I am interested in assessing the potential use of chaos and chaos synchronization for communication. The use of chaotic signals on which to modulate and demodulate information may be attractive from the point of view of the efficiency of the use of communications channel bandwidth or possibly for reasons of power efficiency in the design and use of the transmitter.

Single mode semiconductor lasers with feedback exhibit chaos. Without feedback semiconductor lasers can be modeled as a system with just two dynamical degrees of freedom (and therefore no chaos); one degree of freedom for the carrier density and one for the photon density in the cavity. The feedback on the other hand has a certain time delay associated with it which introduces the possibility of chaos. One observes that the complexity of the dynamics increases with the amount of time-delay in the feedback and can thus study both low and high dimensional chaos with the same system.

As part of my disseration research I studied semiconductor lasers with electro-optical feedback, that is a setup where one detects part of the output power of the semiconductor laser and then changes the pump current of the semiconductor laser accordingly.
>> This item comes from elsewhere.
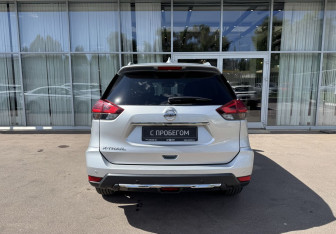 Подержанный автомобиль Nissan X-Trail 2022 года (6 фото)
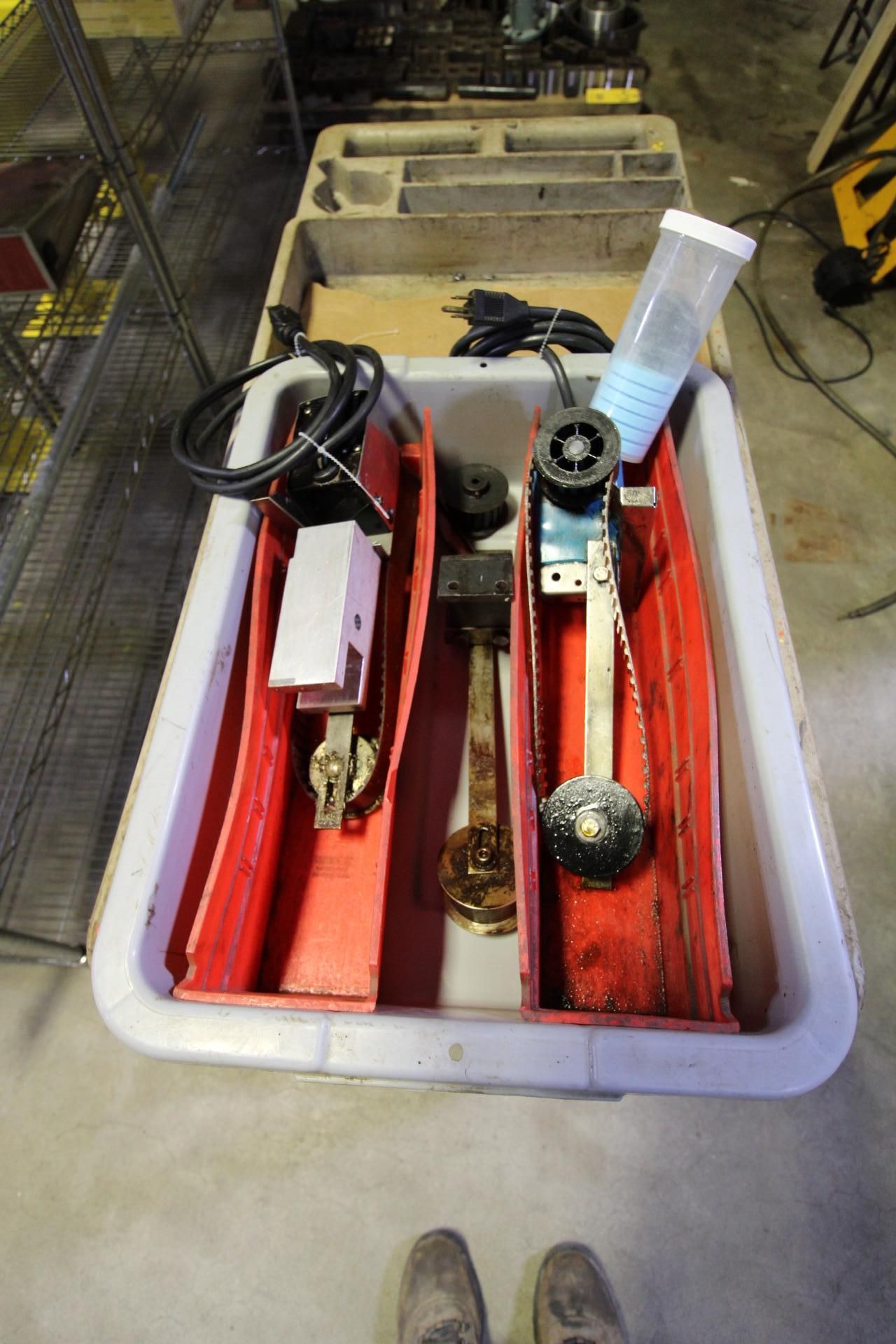 LOT OF OIL SKIMMERS (3)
In this work, which was done in collaboration with Henry Abarbanel and Matt Kennel, we show numerically the existence of chaos and compare the route to chaos to the one seen in experiments. This gives us some confidence in the model. We then propose a scheme to synchronize two chaotic lasers and investigate the robustness of this synchronization with respect to noise and parameter mismatches of the two lasers.

Synchronization Setup

The figure shows a schematic setup for the synchronization of two chaotic lasers (the transmitter and the receiver), where LD stands for laser diode, A for amplifier, and PD for photodiode. c is the coupling parameter, where c=0 corresponds to no coupling, and c=1 means the receiver has no feedback.
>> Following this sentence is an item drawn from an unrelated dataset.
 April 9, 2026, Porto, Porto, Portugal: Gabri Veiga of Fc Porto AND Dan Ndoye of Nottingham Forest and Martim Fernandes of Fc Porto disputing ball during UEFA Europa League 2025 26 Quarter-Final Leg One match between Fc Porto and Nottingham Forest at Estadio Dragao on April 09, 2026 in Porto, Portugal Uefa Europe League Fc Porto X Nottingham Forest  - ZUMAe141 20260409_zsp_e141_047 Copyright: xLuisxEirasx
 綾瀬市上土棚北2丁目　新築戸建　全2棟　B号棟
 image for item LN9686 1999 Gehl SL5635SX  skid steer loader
In the regimes where chaos synchronization exists, one can then modulate information at the transmitter and retrieve it on the receiver side by comparing at each instance in time the signal one expects to the one which is received. Since the lasers are synchronized, the difference of expected and received signal is due to the modulation of information onto the chaotic carrier waveform, which we can then decode. This is of course only true for an ideal channel. We compute the performance curves of one such communication scheme in a noisy optical channel. Although the performance of the scheme with chaotic carrier signal is worse than the chaos free 'direct signaling' case, in general noise does not cause complete desynchronization and therefore chaos communication is feasible.

Our theoretical investigation on semiconductor lasers was accompanied by experiments by the group of Jia-Ming Liu at UCLA. A short summary of the experimental results and how they fit with our theoretical predictions can be found in the conference proceedings of the 6th Experimental Chaos Conference.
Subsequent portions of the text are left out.